Roots have played a major role in helping the fittest to survive. In ancient times, humans ate roots when the hunters had a bad day. In cold climates, root vegetables were cultivated and harvested to see people through the winter.

Turnips, or Brassica rapa, are one of the earliest cultivated vegetables and members of the cabbage (cruciferous) family. They may have originated in northern Europe in about 2000 BC. Turnips were an important food for the Romans especially in the time of the Republic, before their Empire spread and brought in rich agricultural lands.

The turnip spread from the classical world through Asia to north China, where it had become a common vegetable well before the medieval period in Europe, and it was taken from China to Japan about 1,300 years ago.

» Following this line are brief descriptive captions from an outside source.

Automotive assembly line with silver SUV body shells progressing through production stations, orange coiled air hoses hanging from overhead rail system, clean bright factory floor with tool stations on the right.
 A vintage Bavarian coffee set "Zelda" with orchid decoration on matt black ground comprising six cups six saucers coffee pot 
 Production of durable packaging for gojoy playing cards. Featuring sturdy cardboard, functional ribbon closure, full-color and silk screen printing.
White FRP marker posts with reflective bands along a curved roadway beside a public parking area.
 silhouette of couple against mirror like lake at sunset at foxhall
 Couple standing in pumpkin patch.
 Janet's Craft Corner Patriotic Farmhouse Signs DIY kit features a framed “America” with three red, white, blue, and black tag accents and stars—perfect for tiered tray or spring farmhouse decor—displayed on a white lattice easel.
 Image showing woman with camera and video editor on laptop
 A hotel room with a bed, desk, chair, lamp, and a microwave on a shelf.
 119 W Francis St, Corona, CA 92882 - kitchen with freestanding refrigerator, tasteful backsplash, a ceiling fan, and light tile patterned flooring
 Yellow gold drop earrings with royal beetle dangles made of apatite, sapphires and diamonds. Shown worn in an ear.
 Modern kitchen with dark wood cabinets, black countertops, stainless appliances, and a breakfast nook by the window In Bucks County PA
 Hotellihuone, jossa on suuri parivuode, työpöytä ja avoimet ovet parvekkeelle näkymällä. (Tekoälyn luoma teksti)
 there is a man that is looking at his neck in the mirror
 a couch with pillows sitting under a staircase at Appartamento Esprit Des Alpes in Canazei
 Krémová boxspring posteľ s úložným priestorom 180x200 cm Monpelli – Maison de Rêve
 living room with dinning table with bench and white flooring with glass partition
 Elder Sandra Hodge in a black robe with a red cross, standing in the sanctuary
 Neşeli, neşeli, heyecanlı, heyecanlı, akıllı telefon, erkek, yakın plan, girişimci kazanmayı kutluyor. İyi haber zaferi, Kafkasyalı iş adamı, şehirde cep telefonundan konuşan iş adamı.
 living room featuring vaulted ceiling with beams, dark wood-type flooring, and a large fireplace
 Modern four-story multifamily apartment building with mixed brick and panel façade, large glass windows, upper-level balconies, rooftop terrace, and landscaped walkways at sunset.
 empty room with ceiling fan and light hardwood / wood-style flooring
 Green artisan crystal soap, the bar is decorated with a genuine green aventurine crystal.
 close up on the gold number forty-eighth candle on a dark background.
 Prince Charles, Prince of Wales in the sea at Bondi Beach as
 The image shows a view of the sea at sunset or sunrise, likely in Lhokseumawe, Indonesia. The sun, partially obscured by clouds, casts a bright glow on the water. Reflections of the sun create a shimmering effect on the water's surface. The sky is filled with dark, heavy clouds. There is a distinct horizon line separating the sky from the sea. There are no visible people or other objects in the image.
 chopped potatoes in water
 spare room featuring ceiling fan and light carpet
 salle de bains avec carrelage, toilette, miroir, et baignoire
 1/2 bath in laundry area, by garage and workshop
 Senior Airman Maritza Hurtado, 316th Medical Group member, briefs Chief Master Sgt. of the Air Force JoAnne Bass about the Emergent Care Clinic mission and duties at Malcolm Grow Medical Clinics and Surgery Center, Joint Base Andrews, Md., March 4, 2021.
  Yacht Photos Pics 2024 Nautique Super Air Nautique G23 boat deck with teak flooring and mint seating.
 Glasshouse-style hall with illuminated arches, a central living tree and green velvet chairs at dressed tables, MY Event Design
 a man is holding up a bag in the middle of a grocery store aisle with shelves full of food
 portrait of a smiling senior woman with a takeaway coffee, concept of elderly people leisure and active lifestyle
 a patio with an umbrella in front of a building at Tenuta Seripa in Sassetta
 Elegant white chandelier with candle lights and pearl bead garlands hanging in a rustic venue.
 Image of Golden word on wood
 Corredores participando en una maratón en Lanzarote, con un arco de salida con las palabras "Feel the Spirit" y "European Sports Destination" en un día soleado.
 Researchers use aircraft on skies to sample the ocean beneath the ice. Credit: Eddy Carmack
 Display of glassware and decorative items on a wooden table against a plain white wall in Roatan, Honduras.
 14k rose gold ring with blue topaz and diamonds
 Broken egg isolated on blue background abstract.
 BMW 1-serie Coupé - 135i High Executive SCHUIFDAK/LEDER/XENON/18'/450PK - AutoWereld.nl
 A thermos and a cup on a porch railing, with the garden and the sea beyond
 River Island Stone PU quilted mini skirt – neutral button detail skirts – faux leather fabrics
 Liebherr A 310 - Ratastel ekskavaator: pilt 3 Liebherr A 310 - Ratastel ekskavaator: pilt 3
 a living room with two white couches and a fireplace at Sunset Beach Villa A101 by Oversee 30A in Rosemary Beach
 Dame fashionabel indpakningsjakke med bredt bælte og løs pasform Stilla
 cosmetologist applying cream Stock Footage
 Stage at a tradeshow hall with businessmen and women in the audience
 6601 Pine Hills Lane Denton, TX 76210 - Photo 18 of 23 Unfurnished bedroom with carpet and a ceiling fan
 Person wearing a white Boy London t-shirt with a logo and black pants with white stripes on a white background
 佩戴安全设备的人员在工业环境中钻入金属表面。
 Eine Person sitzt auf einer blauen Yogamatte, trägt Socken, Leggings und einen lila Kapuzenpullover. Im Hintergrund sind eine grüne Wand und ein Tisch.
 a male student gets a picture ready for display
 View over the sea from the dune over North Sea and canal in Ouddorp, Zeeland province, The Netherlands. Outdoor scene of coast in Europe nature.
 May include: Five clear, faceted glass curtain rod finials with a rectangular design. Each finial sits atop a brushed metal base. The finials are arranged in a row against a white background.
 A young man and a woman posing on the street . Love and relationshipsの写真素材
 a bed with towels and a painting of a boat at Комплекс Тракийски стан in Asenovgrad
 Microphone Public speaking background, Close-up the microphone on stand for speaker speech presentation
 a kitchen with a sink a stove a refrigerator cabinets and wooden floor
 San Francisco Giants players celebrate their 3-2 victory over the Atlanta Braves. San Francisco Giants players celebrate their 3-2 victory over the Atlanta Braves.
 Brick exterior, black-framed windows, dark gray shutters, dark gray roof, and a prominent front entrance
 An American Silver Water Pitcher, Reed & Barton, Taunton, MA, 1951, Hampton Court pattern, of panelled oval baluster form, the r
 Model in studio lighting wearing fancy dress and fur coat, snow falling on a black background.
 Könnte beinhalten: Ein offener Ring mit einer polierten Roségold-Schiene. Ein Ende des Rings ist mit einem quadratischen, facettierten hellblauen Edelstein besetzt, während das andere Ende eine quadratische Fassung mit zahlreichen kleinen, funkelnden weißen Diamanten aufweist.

The Chinese have traditionally cooked turnips by roasting. The high temperature increases the sweetness of the vegetable by converting some of its starch to a sweeter fare. In Europe, the French have devoted most care to turnips, and there are various parts of France which are famous for growing especially good ones. The French pick turnips young, in early summer, when no larger than a small orange, and braise them or fry and glaze them. They are the traditional accompaniment to certain dishes. English-speaking countries seem to prefer plain boiled turnips using often large and old winter specimens.

Pickled turnips, on the other hand, have been immensely popular in the Arab world, usually colored pink by putting a bit of beetroot in the pickling jar. Turnips are also pickled in Korea. In China, they are sun dried in strips, then salted or preserved in soy sauce; round turnips are sometimes preserved whole. In Japan the leaves and roots are used for pickles, but the root is also boiled and eaten with miso.

The most common variety of turnips is white with purplish streaks. The first crops are sold with the edible green tops. Those green tops contribute calcium and iron to the diet, and the root itself is really the base of the stem of the turnip and is used as a storage organ for the plant. Try to avoid very large turnips. At the grocery store, choose firm, unwrinkled turnips with smooth skin. Remove the greens and refrigerate them for up to one week. Refrigerate unwashed turnips in a plastic bag also for one week. Freeze them cubed, blanched or whole, fully cooked, for 8-10 months.

Turnips have a peppery flavor stemming from mustard oil which releases more strongly the longer the root is cooked. Because of their distinctive flavor, turnips go well with robust foods like pork, pot roast, lamb shanks, and game. Turnips are best when they are about two inches in diameter. They grow above ground, with the purple on their skin showing the “earth line.”

Give turnips a little love and turn up for a meal made with turnips!

RECIPE OF THE MONTH
Turnips, Sweet Potatoes and Couscous

Ingredients:
4 tablespoons (1/4 cup) olive oil
4 cloves garlic, minced
6 medium-sized turnips, peeled and quartered
3 medium-large sweet potatoes, peeled and quartered
1 small rutabaga, peeled and diced
1 ½ cups pitted prunes
2 cups chicken or vegetable broth
2 teaspoons ground cumin
½ teaspoon ground cinnamon
¼ teaspoon ground allspice
¼ teaspoon ground nutmeg
Salt
Freshly ground pepper

3 cups instant couscous
4 tablespoons (1/2 stick) margarine or butter
6 scallions with tender green tops, chopped
½ cup toasted pine nuts
½ cup dried currants

Directions:
Heat oil in a large saucepan or Dutch oven over medium heat. Add garlic; cook and stir for 1 minute. Do not let garlic brown. Add turnips, sweet potatoes, and rutabaga; cook for 5 minutes, stirring occasionally. Stir in prunes, broth, and seasonings. Heat to boiling; reduce heat. Cook covered over low heat until vegetables are tender, about 30 minutes.

While vegetables are cooking, prepare couscous according to package directions. Make sure that you stir constantly, to avoid lumps. Mix in margarine and scallions. Mound couscous on platter; surround with hot cooked vegetables. Sprinkle pine nuts and currants on top. Serve hot.

(Recipe from Roots: The Underground Cookbook, by Barbara Grunes & Anne Elise Hunt, page 180-181. Publisher: Chicago Review Press, Inc., 1993.)